Image-text web data:
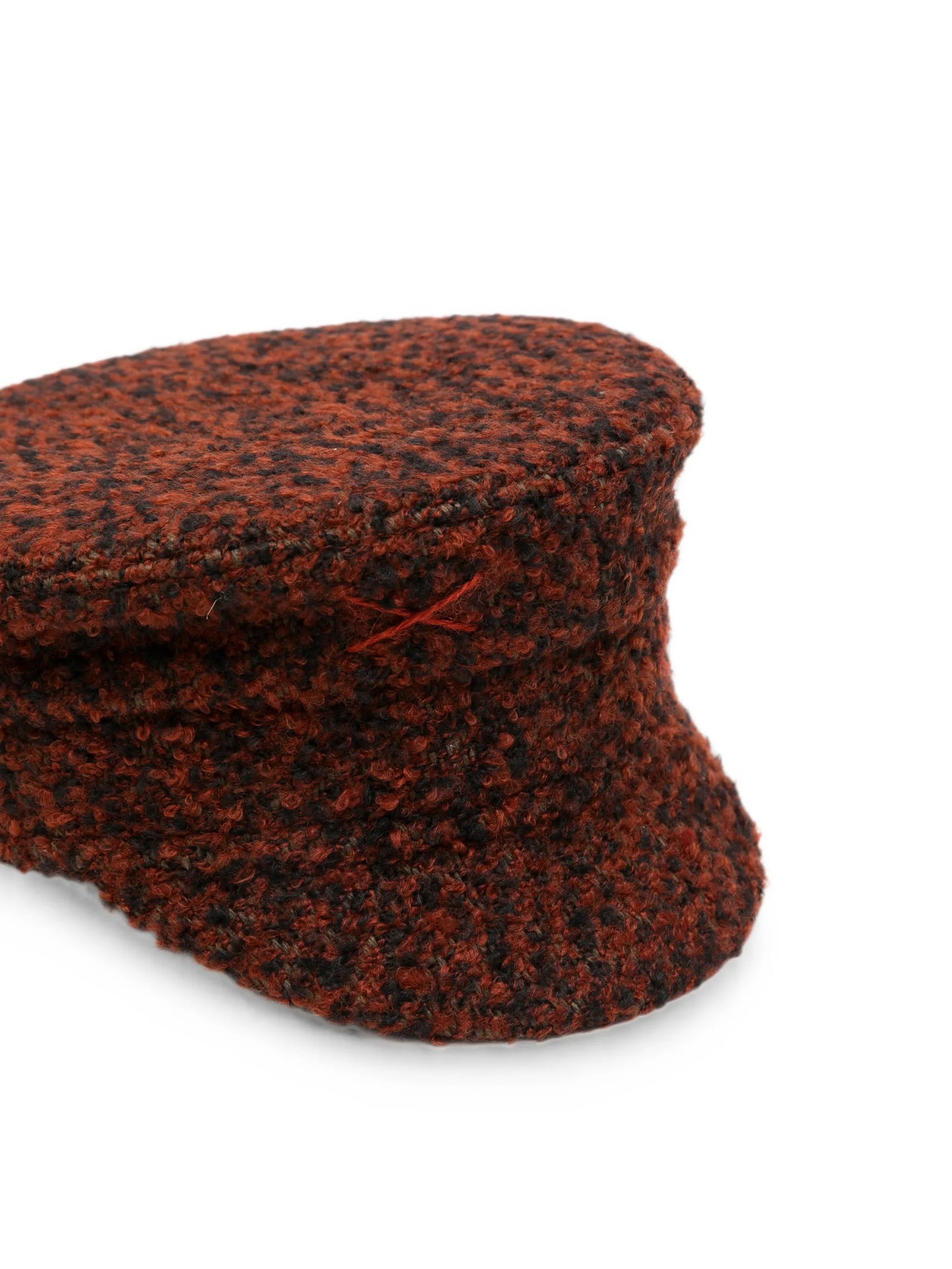 logo-embroidered bouclé baker boy hat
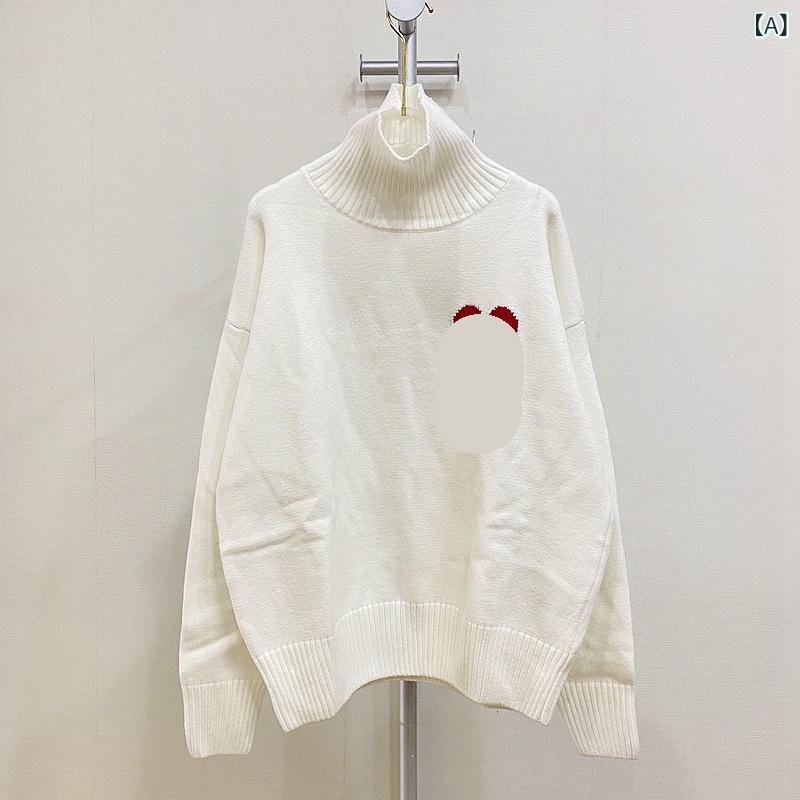 ハイネック ニット トップス 赤 ハート アルファベット柄 刺繍 コントラストカラー ゆったり フィット ユニセックス メンズ レディース 共通 かわいい セーター セータースウェット ニットセーター 柔らかい 着心地 伸縮性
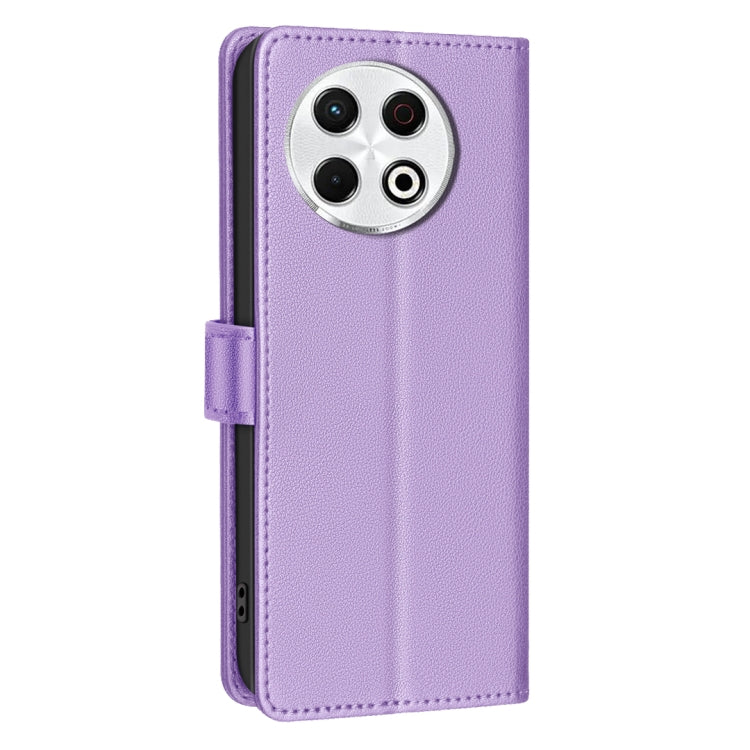 Funda de Cuero Antirrobo RFID con Textura Litchi para Tecno Spark 30 Pro 4G (Morado)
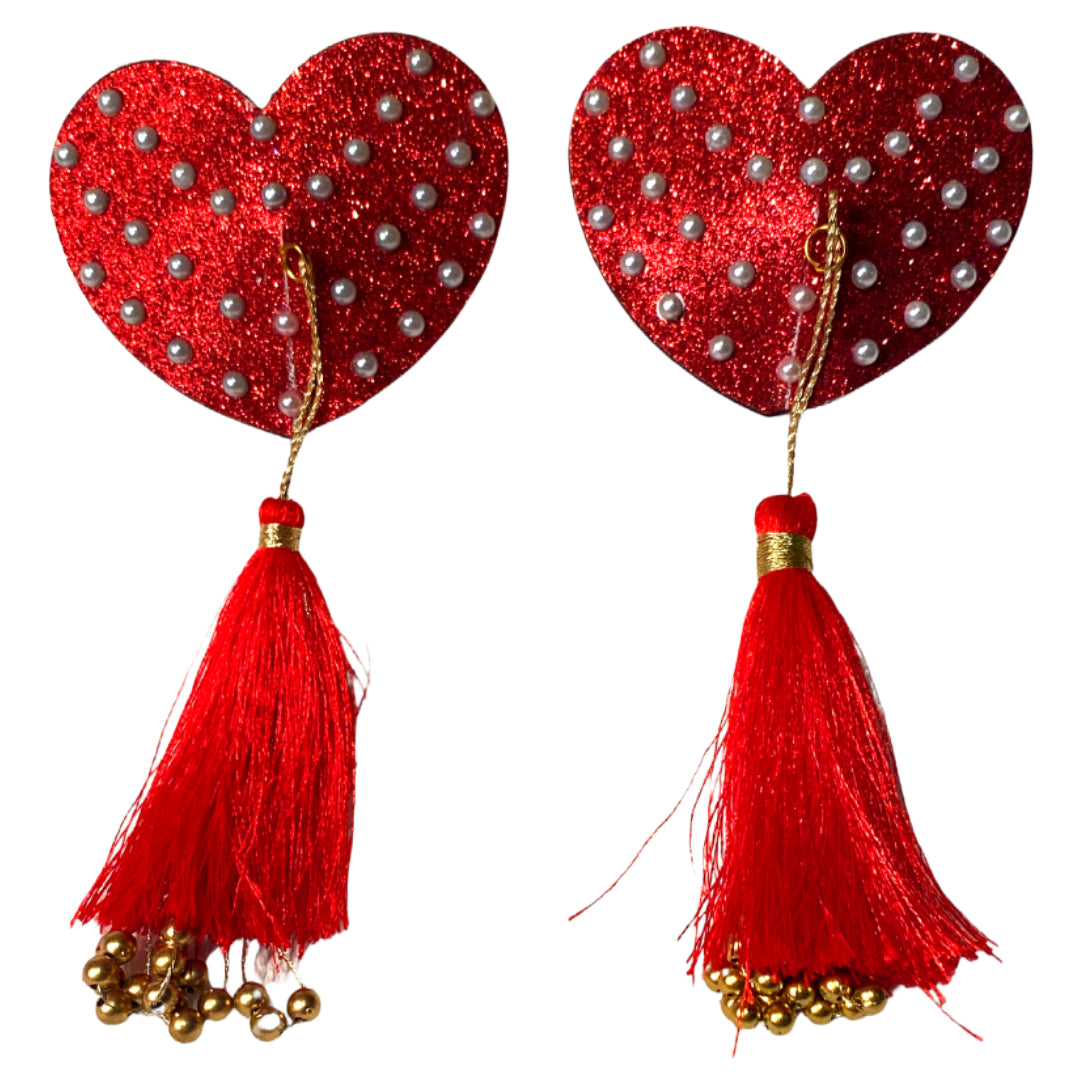 Fanny Valentine Glitter Hearts and Pearl Pasties avec glands (2 pcs) pour lingerie, festivals burlesques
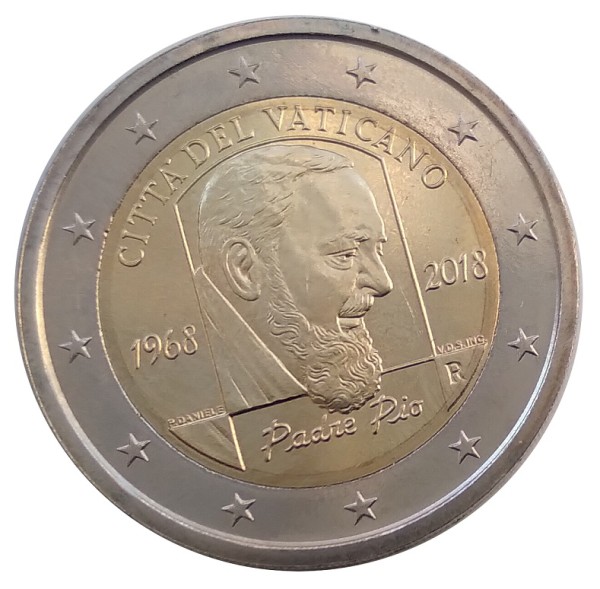 Vatikan 2 Euro Gedenkmünze Padre Pio 2018 in Münzkapsel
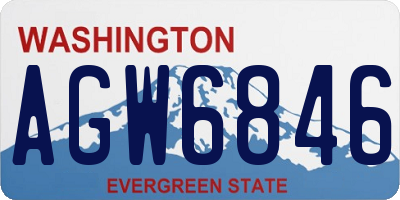 WA license plate AGW6846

YOUR ASSIGNMENT - Word-for-word restatement: every line from the one with "Vatikan 2 Euro" through the final line of the data, both ends included, pictures excluded.

WRITTEN SOLUTION -
 Vatikan 2 Euro Gedenkmünze Padre Pio 2018 in Münzkapsel
 WA license plate AGW6846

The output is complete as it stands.